John Kerry, the newly-approved US Secretary of State, appeared at the Senate foreign relations committee last week. Among other things, he warned that “China is all over Africa”, and likened the jostling between China and the US for influence in (or over) Africa to a “game”. He then explained that this “game” was not set in “Cold War terms”, but was, instead, about “business contracts, business opportunities, jobs for Americans, and opportunities to export”; “foreign policy is economic policy”, he declared. Americans needn’t worry, though. Kerry thinks this is a “game” the US can “win”.
I have four points to make. First, while the Chinese are indeed engaging with a large number of African states, Kerry’s language is needlessly alarmist; this will only serve to heighten tensions between the US and China.
Second, to describe Sino-African versus US-African relations as a “game” infantilises the subject. This is international relations: countless people’s livelihoods (and, indeed, their lives) are at stake.
Third, Kerry frames the US and China as competitors for Africa’s natural resources — “they’re buying up long-term contracts on minerals, you name it” — and this adds to a ‘New Scramble for Africa’ narrative in which Africans appear merely as pawns in a Great Power contest (much like, say, the Cold War).
And fourth, part of the reason why Kerry is so worried about Chinese activity in Africa is because the main way Sino-African relations are perceived in the West begins and ends with China: in the standard “China in Africa” model, Africa is just an empty space subject to outside interference.
There has been a lot of commentary on Sino-African relations over the past few years, and Kerry’s statements were just some of the more recent.

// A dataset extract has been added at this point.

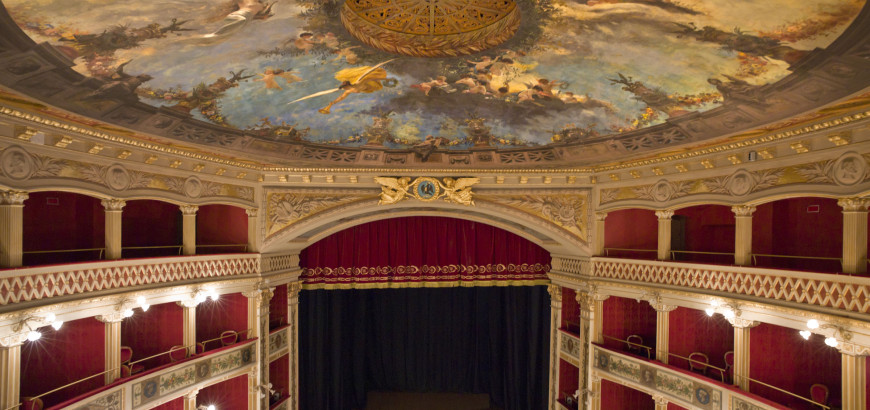 Particolare del Teatro Comunale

In the West, much of it has been gloomy: some (such as Kerry) see China as muscling-in on “Western spheres of interest”; others worry, opaquely, about how China’s human rights record will affect Africa’s; and still others warn of “Chinese neo-colonialism’”. Against the pessimism, several cautiously optimistic voices have highlighted the benefits these interactions could bring to Africans, the Chinese, and global trade more generally.
Notwithstanding their differences, however, a common thread unites them: China is presented as the dominant agent. Africans, where there appear at all, are presented as passive victims or dupes. Even in academic analyses, where more weight is granted to the African side of these relations, commentary rarely goes beyond the state level. This means that Africans often emerge as the corrupt stooges of old, and ordinary Africans don’t feature.
There is some truth to all these. But as a recent study points out, Africans themselves are actively affecting, shaping, and “sometimes even driving” these relations. Far too little is made of how Africans have been cannily negotiating to their own advantage - although questions remain over how equitably, and effectively, these interactions are conducted.
The authors of the study, Mohan and Lampert, argue that how Africans fare in their negotiations with Chinese largely depends on the political, economic and social situation in the African state one’s referring to. Take, for example, the efforts of the populist Sata government in Zambia. In November 2011, they managed to double state royalties on copper to 6%, fulfilling pre-election pledges to limit perceived Chinese imperiousness in the process. This was widely hailed in Zambia as a success for the country as a whole, not just for the politicians and businesspeople who signed it off.
In comparison, the Angolan government has negotiated $14.5 billion in credit from China’s three state-owned banks (2002-2011), but the benefits might not reach all Angolans. Although little conditionality was attached to these loans, and over 100 crucial infrastructure projects have been started as a result, Angola is what Chris Alden has dubbed an “illiberal regime with weak democracy” — it’s far from clear how fair and transparent these negotiations were.
Beyond the state level, and in other countries where data is more readily available, it seems ordinary Africans are sometimes driving these relations. Traders from Nigeria and Ghana told the authors that it was Africans who were primarily responsible for the influx of cheap, Chinese-manufactured goods into their countries — not the Chinese. All this makes clear the broader picture of Sino-African relations is far more complicated than the standard “China in Africa” model would suggest.
Still, Mohan and Lampert stress the dangers of “crudely reversing the analytical lens”. There are obvious economic and political power asymmetries between China and the African states they interact with; it would be a mistake to say that Africans are in dominant positions across the board. Moreover, we should not be blind to the problems the Chinese presence has brought — poorly constructed infrastructure, low pay for workers, government corruption, and so on. Generally, the Africans that have benefited the most have been the elites. But our analyses of Sino-African relations would be a good deal more optimistic if we accorded more of a role to the African component of Afro-Chinese interactions. The incoming US Secretary of State would do well to do this: he will not “win” this “game” if he doesn’t.